Dans une mise au point parvenue à notre rédaction ce 07 août, le camp de John Kaswamanga affirme qu'aucune décision définitive n'a été rendue dans le contentieux qui l'oppose à Jacques Kyabula Katwe. Selon lui, le jugement du TGI de Lubumbashi, rendu le 29 juillet 2026, a été immédiatement frappé d'appel, ce qui, en droit congolais, suspend ses effets.
Le dossier serait désormais pendant devant la Cour d'appel du Haut-Katanga, seule juridiction habilitée à se prononcer en dernier ressort sur cette affaire avant un éventuel pourvoi en cassation.
Pour le camp Kaswamanga, la réalité juridique et administrative n'a donc pas changé. John Kaswamanga demeure, selon ce camp, le président du comité provisoire reconnu par le ministère de l'Intérieur.

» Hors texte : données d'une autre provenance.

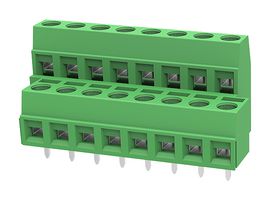 MULTICOMP PRO MP012078 Wire-To-Board Terminal Block, 5 mm, 16 Ways, 26 AWG, 14 AWG, 1.5 mm², Screw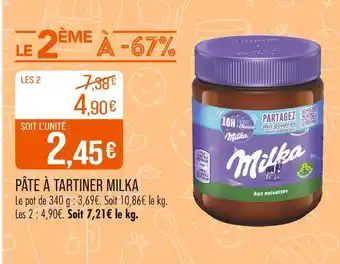 Match MILKA Pâte à tartiner offre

Une reconnaissance matérialisée par la lettre N°25/CAB/VPM/MININTERSEDECAC/DC/JBI/KMJ/0662/2026 du 6 juillet 2026, signée par le directeur de cabinet du vice-premier ministre ministre de l'Intérieur, prenant acte de la désignation des animateurs provisoires à la suite du désaveu de Jacques Kyabula par une partie de la base.
Cette nouvelle sortie replonge l'ARDEV dans une crise de légitimité à deux têtes. D'un côté, une légitimité judiciaire de première instance revendiquée par le camp Kyabula, qui se prévaut du respect des statuts du parti. De l'autre, une légitimité administrative et politique revendiquée par le camp Kaswamanga, qui met en avant la reconnaissance du ministère de l'Intérieur et l'effet suspensif de l'appel.
En attendant que la Cour d'appel du Haut-Katanga tranche, le parti cher à l'ancien gouverneur du Haut-Katanga reste fracturé, avec deux directions qui revendiquent chacune le contrôle des attributs, du siège et de l'avenir politique de l'ARDEV au sein de l'Union Sacrée de la Nation.